Abhay’s style is childlike and yet lyrical. The frugal words, used with spartan judiciousness, tell stories that are both tangible and intangible at the same time. The colours of the emotions are riotous. Truths and profound realisations hunt for a toehold in the melee of the daily beats that crowd his sonnets.
“A poem is just a stream of words/flowing, flowing, flowing onwards… carrying loads of heart’s feelings/in the hope that someday someone will find some meaning…,” Abhay says in his poem “Words”.
“Words” sums up the spirit of poetry and the core of any literary art - which is about hitting on the right word to tell the right story and to connect.
Abhay connects to the global Indian reader with his Moscow poems which capture Russia on the move.
“Moscow… I will always love you…in all your colours, in all seasons… white yellow, red or green,” the poet says in his paean to the city.
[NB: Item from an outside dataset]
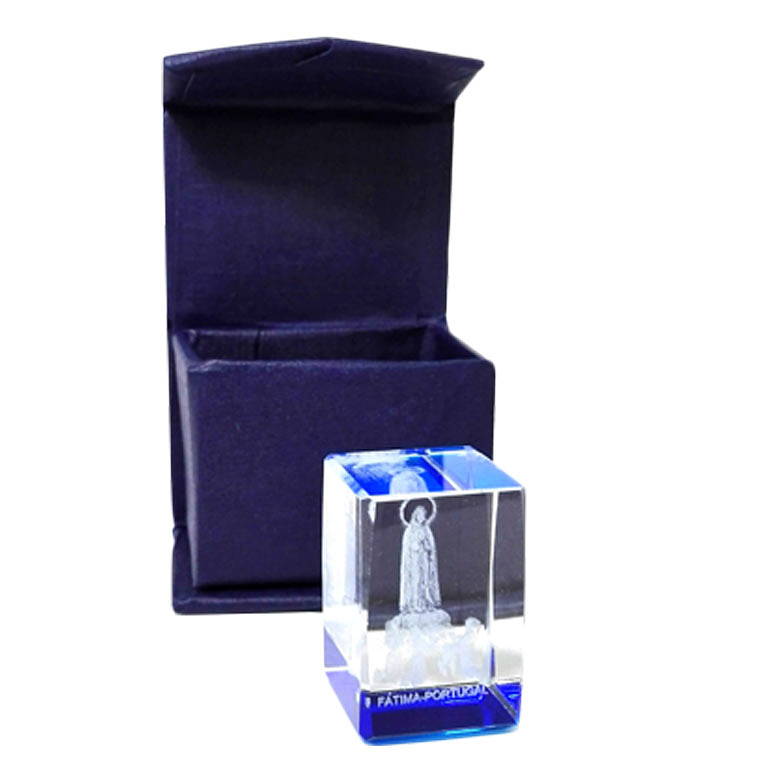 Glass crystal of Fátima 1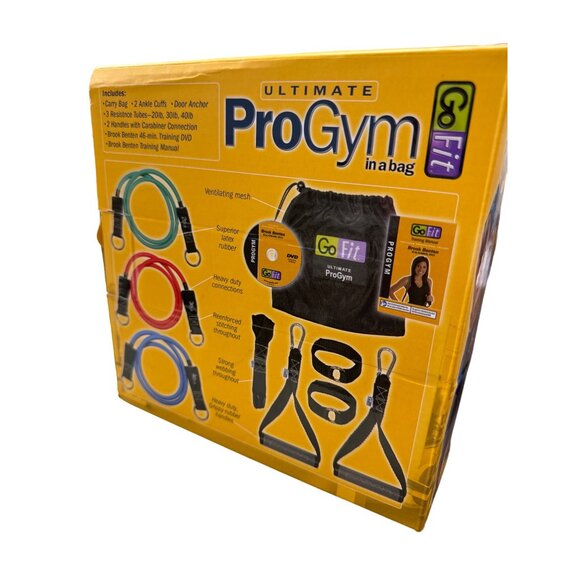 GoFit Pro Gym in a bag 3 band resistance taining kit SKU 1809 - Picture 4 of 4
Moscow, to Abhay’s poetic mindscape, is like its “matrushkas” — the colourful wooden dolls that define the soul of the cherubic Russian doll-girls who “walk, talk, sing, dance and glide on the streets of Moscow”.
“Some are heavy, some are tall, simply elephantine, some are tiny, slim and pretty - hidden from the eagles gaze,” the poet describes.
Each sonnet ends with one of Abhay’s doodles. An accomplished artist, the diplomat-poet has exhibited widely.
Abhay is currently working on a volume of poetry on Delhi — which inspires him with its rich classical legacy of poetry and literature.
“It will be my personal chronicle of Delhi. Without meaning to hurt anyone, I cannot relate to the contemporary Indian poetry being written in English here,” he says.
The poet has authored five volumes of poetry and prose.